◆ **TRY IT**
In this exercise, print only the lines of the records below from the one with "Women's Concepts Sport" through the one with "map of restaurants, bars, coffee", inclusive. Pictures are not part of the copy.

─── RECORD EXTRACTS ───

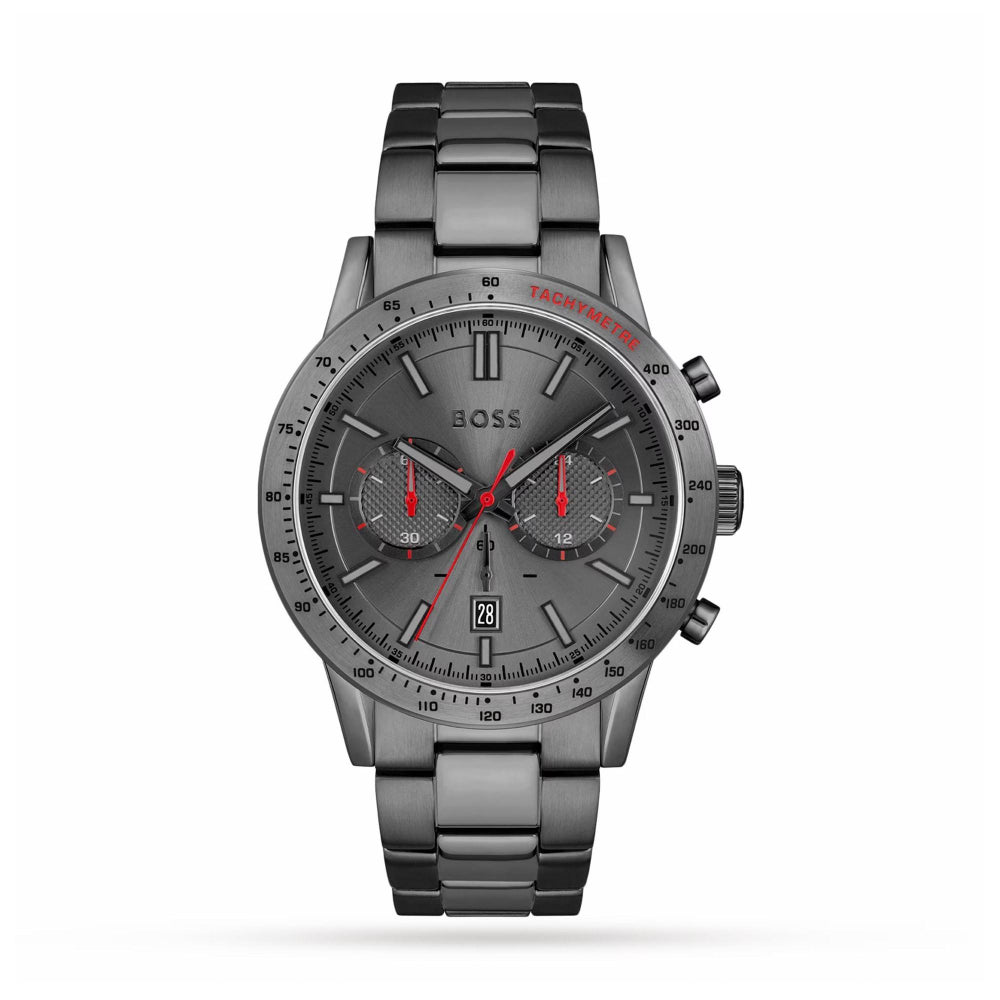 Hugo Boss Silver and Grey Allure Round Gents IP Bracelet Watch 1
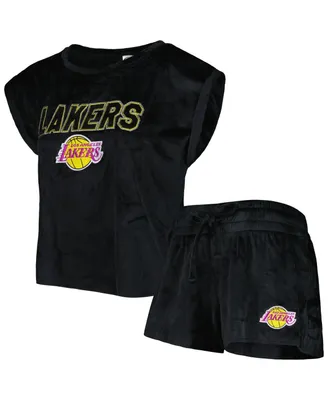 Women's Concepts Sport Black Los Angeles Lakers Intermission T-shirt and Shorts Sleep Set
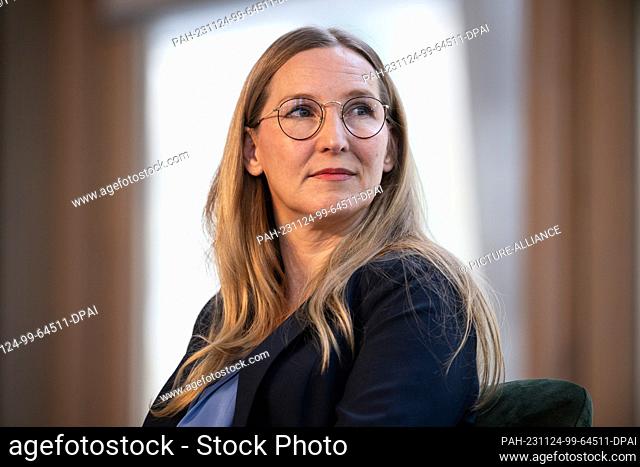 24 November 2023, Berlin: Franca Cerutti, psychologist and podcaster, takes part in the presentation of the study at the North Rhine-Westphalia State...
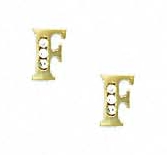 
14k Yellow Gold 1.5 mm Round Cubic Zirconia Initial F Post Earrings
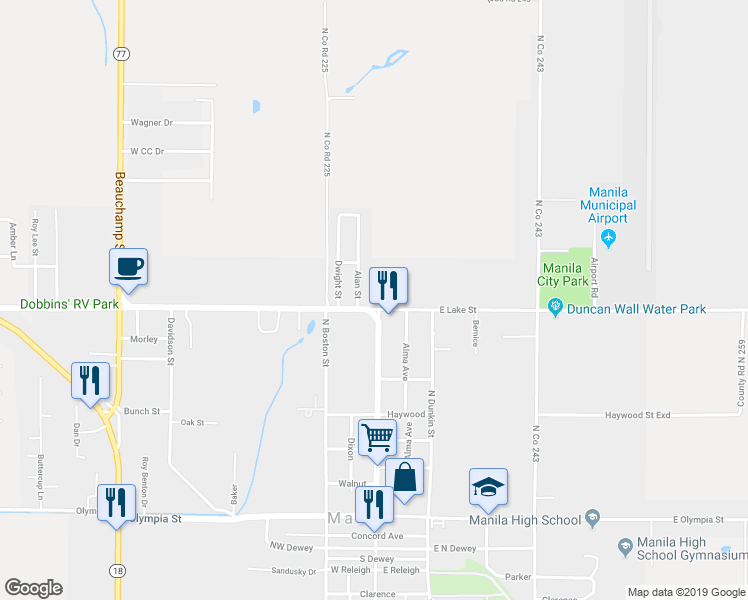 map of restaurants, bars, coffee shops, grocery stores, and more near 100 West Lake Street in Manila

───
─── RECORD EXTRACTS ───

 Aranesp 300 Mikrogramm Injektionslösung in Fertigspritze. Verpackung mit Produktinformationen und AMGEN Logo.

───
─── RECORD EXTRACTS ───

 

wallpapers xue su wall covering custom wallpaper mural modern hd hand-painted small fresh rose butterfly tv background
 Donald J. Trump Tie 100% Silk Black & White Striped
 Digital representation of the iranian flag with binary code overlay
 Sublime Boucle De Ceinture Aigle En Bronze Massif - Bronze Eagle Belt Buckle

───

◆ **EXERCISE SOLUTION**
 Women's Concepts Sport Black Los Angeles Lakers Intermission T-shirt and Shorts Sleep Set
 24 November 2023, Berlin: Franca Cerutti, psychologist and podcaster, takes part in the presentation of the study at the North Rhine-Westphalia State...
14k Yellow Gold 1.5 mm Round Cubic Zirconia Initial F Post Earrings
 map of restaurants, bars, coffee shops, grocery stores, and more near 100 West Lake Street in Manila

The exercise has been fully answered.